→ Exercise goal
After finding the line that includes "Race Horse Training" in the records below, transcribe it and each line after it through the last, exactly, and add nothing.

Stored data Start Marker

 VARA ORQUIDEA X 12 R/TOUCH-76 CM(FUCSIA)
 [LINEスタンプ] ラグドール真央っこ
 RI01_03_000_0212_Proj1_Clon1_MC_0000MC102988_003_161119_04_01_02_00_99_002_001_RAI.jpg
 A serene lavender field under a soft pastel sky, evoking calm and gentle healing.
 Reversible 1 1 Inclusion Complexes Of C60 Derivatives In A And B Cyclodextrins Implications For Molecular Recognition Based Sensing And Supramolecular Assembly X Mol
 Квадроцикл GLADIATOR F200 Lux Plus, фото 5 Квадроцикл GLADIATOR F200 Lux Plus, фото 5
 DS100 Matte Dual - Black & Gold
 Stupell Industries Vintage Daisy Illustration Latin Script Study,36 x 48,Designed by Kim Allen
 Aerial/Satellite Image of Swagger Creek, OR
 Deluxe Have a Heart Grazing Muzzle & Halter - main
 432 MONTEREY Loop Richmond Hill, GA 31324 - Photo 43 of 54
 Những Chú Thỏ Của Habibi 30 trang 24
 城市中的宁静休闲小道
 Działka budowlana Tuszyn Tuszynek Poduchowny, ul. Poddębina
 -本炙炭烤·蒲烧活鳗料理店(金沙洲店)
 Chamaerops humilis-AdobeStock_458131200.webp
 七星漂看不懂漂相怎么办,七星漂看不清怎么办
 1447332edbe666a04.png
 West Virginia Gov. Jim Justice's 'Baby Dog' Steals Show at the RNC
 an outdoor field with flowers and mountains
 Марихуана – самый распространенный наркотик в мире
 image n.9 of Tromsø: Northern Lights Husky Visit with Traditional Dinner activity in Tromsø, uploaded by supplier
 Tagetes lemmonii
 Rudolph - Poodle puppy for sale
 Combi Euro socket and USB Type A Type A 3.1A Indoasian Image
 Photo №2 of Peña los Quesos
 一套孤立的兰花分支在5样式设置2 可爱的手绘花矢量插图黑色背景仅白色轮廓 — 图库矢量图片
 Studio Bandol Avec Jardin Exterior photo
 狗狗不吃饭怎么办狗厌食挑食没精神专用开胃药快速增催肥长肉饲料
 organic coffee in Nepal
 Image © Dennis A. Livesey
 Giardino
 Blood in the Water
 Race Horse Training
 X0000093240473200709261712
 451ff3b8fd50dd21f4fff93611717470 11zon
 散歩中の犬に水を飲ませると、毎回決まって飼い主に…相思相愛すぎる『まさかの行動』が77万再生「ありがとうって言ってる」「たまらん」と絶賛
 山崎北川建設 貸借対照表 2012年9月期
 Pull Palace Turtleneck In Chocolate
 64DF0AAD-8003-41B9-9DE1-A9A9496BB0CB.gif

Stored data End Marker

→ Problem solution
 Race Horse Training
 X0000093240473200709261712
 451ff3b8fd50dd21f4fff93611717470 11zon
 散歩中の犬に水を飲ませると、毎回決まって飼い主に…相思相愛すぎる『まさかの行動』が77万再生「ありがとうって言ってる」「たまらん」と絶賛
 山崎北川建設 貸借対照表 2012年9月期
 Pull Palace Turtleneck In Chocolate
 64DF0AAD-8003-41B9-9DE1-A9A9496BB0CB.gif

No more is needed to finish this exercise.